Meta Vision Systems, based in Oxford, England, and Montreal, Canada, has emerged as the world leader in the manufacture of seam finding, tracking and inspection equipment for automating and semi-automating the welding of tube and pipe. Meta Vision Systems has achieved this status by adding to its core product range through strategic acquisitions of the Canadian company, MVS, in 1999 and of iSS of East Kilbride, Scotland last year (2002). Both companies specialised in the production of weld seam tracking for the tube and pipe industry.

Meta's core business was always laser-based vision and guidance systems for welding robots and automated welding machines, which have applications in tube and pipe manufacture. A further established product uses the projection of a fixed laser stripe and a video camera for improving the speed and accuracy of manually controlled welding systems. Again, the tube industry is a beneficiary as information is provided on joint fit-up and the system can be configured to feed data back to adjust the pressure of rollers in a tube mill, for example.

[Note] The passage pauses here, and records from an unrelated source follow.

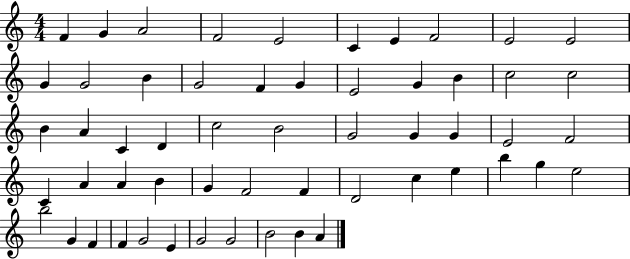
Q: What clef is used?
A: treble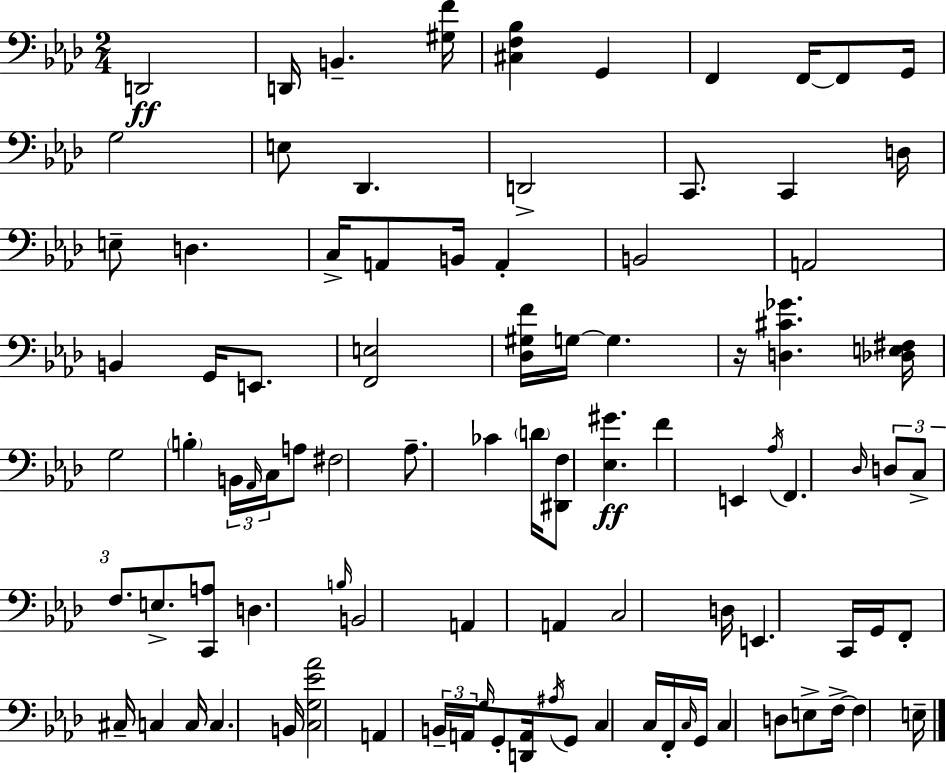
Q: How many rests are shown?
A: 1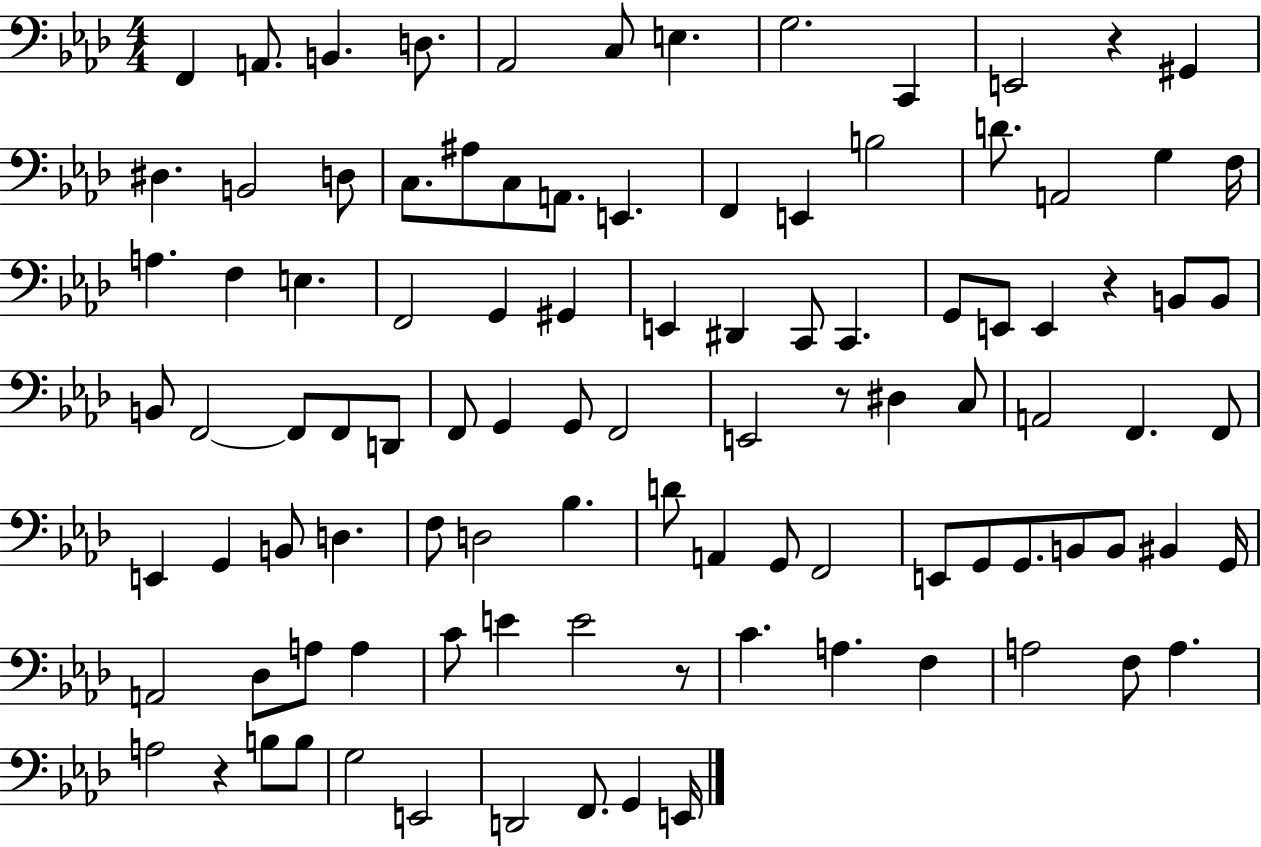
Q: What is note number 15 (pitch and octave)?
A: C3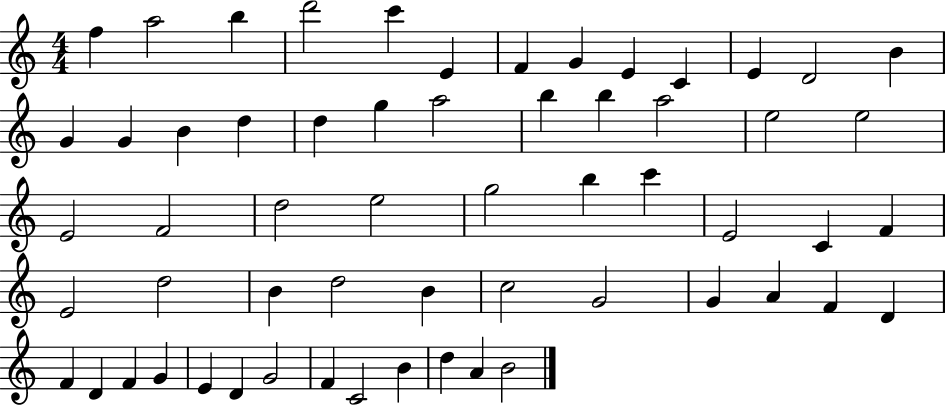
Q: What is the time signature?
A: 4/4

More recently, Meta developed a real-time, 100 per cent measurement and inspection tool that uses laser light and triangulation to identify

imperfections as they occur in a manufacturing process. Quality is improved by feeding back this critical data to the controller. The PC-based system is particularly well suited to inspecting longitudinal butt welds during tube and pipe manufacture. The sensor is mounted above the joint and measures such key parameters as weld width and height, undercut, radii and mismatch of parent material, and bead trajectory (wandering).

The above products are standard, low cost, off-the-shelf items. Most are sold in volume into the retrofit market as well as to OEMs worldwide for equipping their robots and automated welding machines.


Spiral pipe welding

With the Canadian acquisition, Meta gained the ability to produce bespoke systems with a higher engineering content, particularly for spiral pipe welding and subsequent ultrasonic inspection. The company gained a firm foothold in the North American market, as MVS was a major supplier to US spiral pipe manufacturers, Ameron and Northwest Pipe, as well as to South America. Several manufacturers in Europe were and are users, including Europipe in France, Salzgitter in Germany, Noksel in Turkey and Capello Tubi in Italy.

However, it was the second acquisition last year in Scotland that secured Meta's position as number one in the tube and pipe weld tracking sector, as iSS also manufactured equipment marketed under the VistaWeld brand name principally for weld seam tracking in pipe mills, with particular emphasis on spiral pipe manufacture. The customer list was boosted by the addition of Rautaruukki in Finland, Emek Boru in Turkey, De Boer in Holland, and Wilson Byard in the UK, to name a few, and brought Meta's total number of spiral pipe installations worldwide to over 70, both for OD/ID seam tracking and for ultrasonically testing the resulting weld. They include 10 in the Middle East and 16 in the Far East.

Spiral pipe welding using Meta sensor


Meta's fully automated spiral pipe welding system uses two laser sensors to measure joint geometry. The first, mounted in front of the ID weld position, is used for seam tracking while the second, mounted in front of the OD weld position, is used to position the external weld head. Both sets of equipment are installed on independent cross slides that are controlled automatically by feedback signals from the vision sensors.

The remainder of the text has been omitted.